## Task requirements
What you return should match the material below line for line, except that no image appears in it.

## Information provided

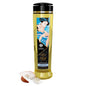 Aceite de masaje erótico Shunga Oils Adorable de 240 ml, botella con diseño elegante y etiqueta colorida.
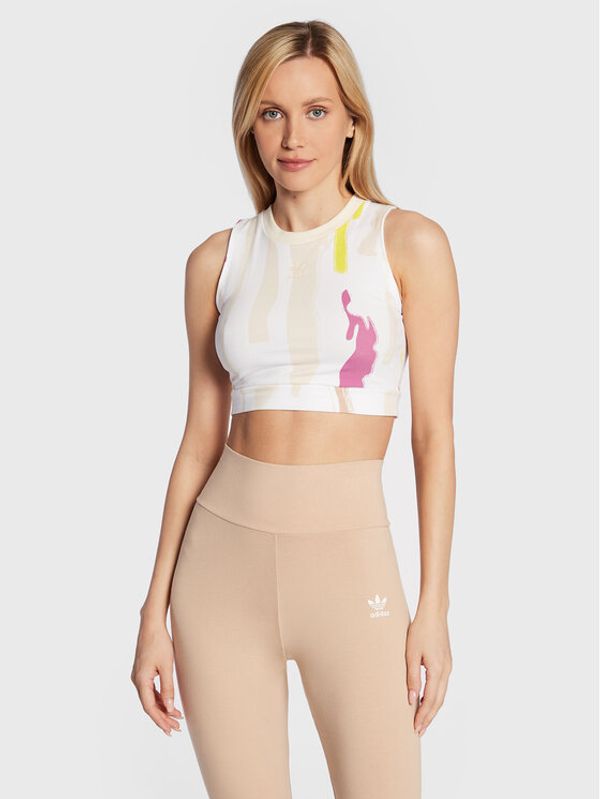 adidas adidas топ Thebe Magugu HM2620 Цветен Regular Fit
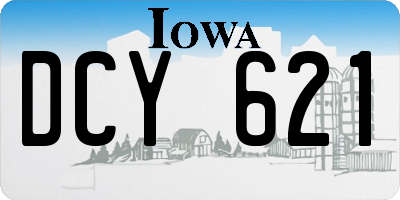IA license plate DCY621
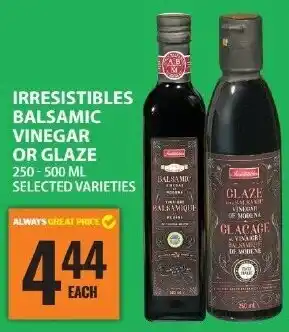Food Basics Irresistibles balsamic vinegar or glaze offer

## Result of the task
 Aceite de masaje erótico Shunga Oils Adorable de 240 ml, botella con diseño elegante y etiqueta colorida.
 adidas adidas топ Thebe Magugu HM2620 Цветен Regular Fit
IA license plate DCY621
Food Basics Irresistibles balsamic vinegar or glaze offer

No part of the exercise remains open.